Thursday: “Journalism is a difficult sport”
The life of a journalist is not unlike that of any other profession.
Admittedly celebrities and politicians may hate you, plus you’re probably getting paid peanuts. But other than that, one has to face up to the same day-to-day challenges.
One must be ethical. One must be personable. One must be ruthless. One must make sacrifices.
And, of course, one must be punctual.
I learned this latter lesson midway through my third day at Sportal. No, I wasn’t three hours late for my shift; rather, I watched with amusement as a journalist from a rival organisation arrived halfway through a press conference.
This is by means a punishable crime. People turn up late to stuff all the time. Heck, I would’ve been late to work four out of five days had my Mum not awoken me from my slumber.
What did raise a few eyebrows, though, was the journo’s nerve.
Melbourne Storm coach Craig Bellamy was the man under the spotlight. While it’s hard to tell the mood of anybody in the rugby industry, I was able to gather that he wasn’t a happy pappy. After all, his star player Adam Blair had just agreed to terms with rival club Wests Tigers. While mid-season transfers may be the norm in the league fraternity, such events inevitably leave one feeling sour.

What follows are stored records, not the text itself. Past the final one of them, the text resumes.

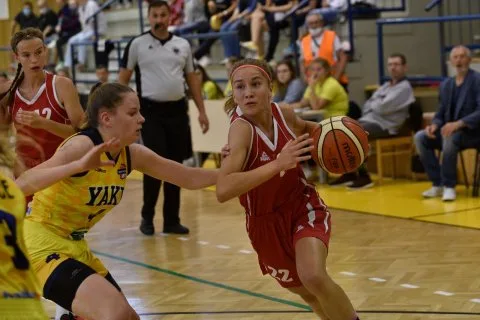 M-SR Staršie žiačky: Young Angels U15 Košice vs. BK Klokani Ivánka pri Dunaji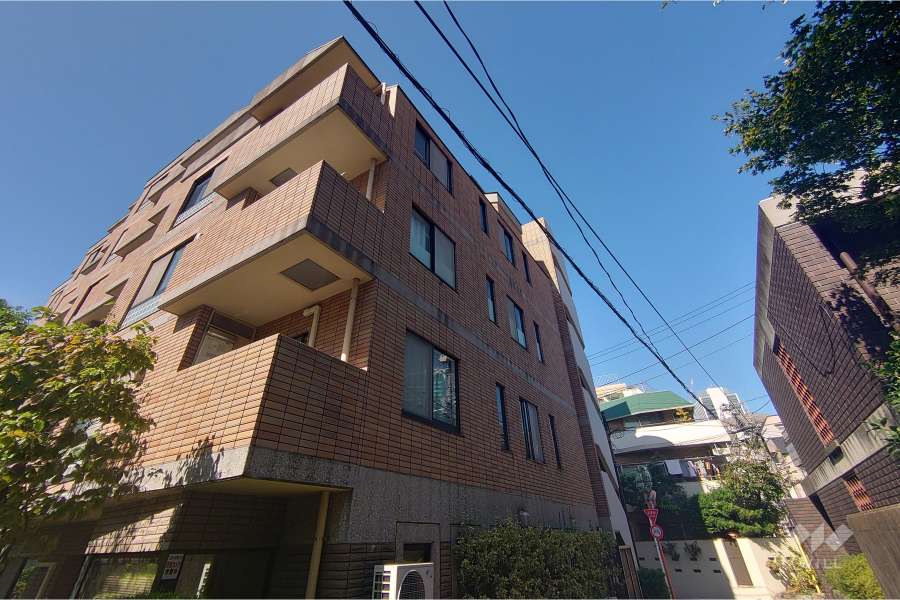 ジェイパーク渋谷東の外観（南東側から）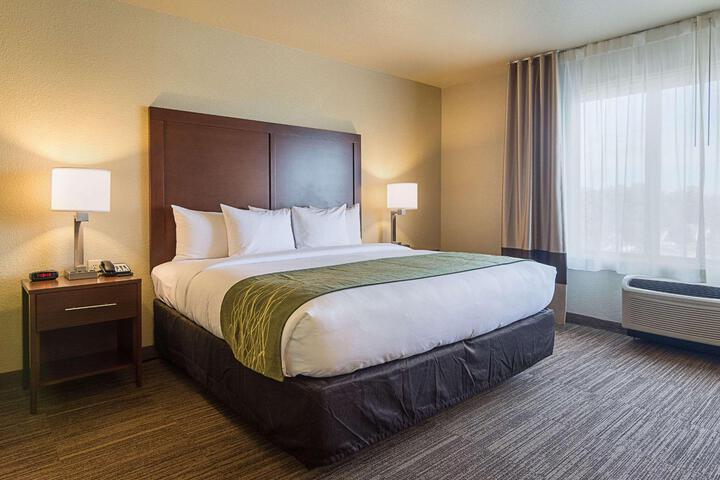 1 King Bed (2 of 15)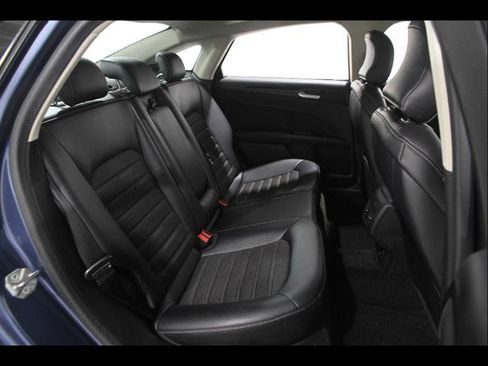 Used 2018 Ford Fusion SE w/ Equipment Group 601A image 19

It was thus no surprise that Blair was the first article mentioned in the press conference. Bellamy told the media pack (all three of them) that he was devastated at the outcome. He proceeded to talk about Blair’s career under his reign, before expressing some unlikely emotion.
Ten minutes later, with Bellamy ready to conclude his weekly media session and return to training, the belated journalist popped in with a final question.
“Could I just get your reaction to the news on Adam Blair?” he asked.
Bellamy looked less than impressed, as did the other journos. But to Bellamy’s credit, he repeated the main points of his earlier answer, holding himself back from giving the questioner a coach-like spray. Then again, I guess you can’t afford to upset the media when your team’s most recent claim to fame is an infamous salary cap breach.
From my outer perspective, I found the tardy journo’s actions to be a little unusual, but nothing worthy of a life sentence. Judging by the reaction of Bellamy and the other media peoples, though, I sensed that an unwritten rule of journalism had just been broken.
Apparently I should never get on the wrong side of coaches.
Rugby coaches, in particular.
Back at the office, I was dealt another brutal lesson.
For the two days beforehand I had spent much of my working hours converting press releases into news pieces. Most of these articles focused on rugby player signings, a topic I knew little about but could nonetheless wing my way through.
Today’s press release, however, was a whole new bag of worms. Instead of league, my subject was origin. Instead of contracts, I was required to write about team selection. With those switches triggered, my easy job was made a hell of a lot more difficult. This time around I would have to know what I was talking about.
Thanks to Dr. Wikipedia and some similar articles on the same topic, I fumbled my way through the process to churn out 300-odd semi-digestible words. To my delight, my accompanying editor made just a few edits to the final copy, before releasing my ignorant spiel to the desktops of judgmental rugby union supporters, the world over.
I got away with that one, but that was just the entree.
The next item on the pile was a transcribed interview with Formula One driver Robert Kubica. Before today, Formula One meant little more to me than a computer game. It’s a “sport” I have always treated with cynicism; why sane people would bother watching endless hours of dizzy vehicles is beyond me.
Yet I sucked in my pride and worked my way through the piece. And when I was done, I reflected on an uncomfortable predicament.
If I want to work in sports journalism, I need to expand my horizons. I can’t expect to limit myself to the twin pillars of cricket and footy.
Rather, I have to explore the intricacies of synchronised swimming, the tactical nuances of equestrian, the antipodes of Greco-Roman wrestling.
God forbid, I may even have to sit through a rugby match.
Oh, the sacrifices journalists have to make!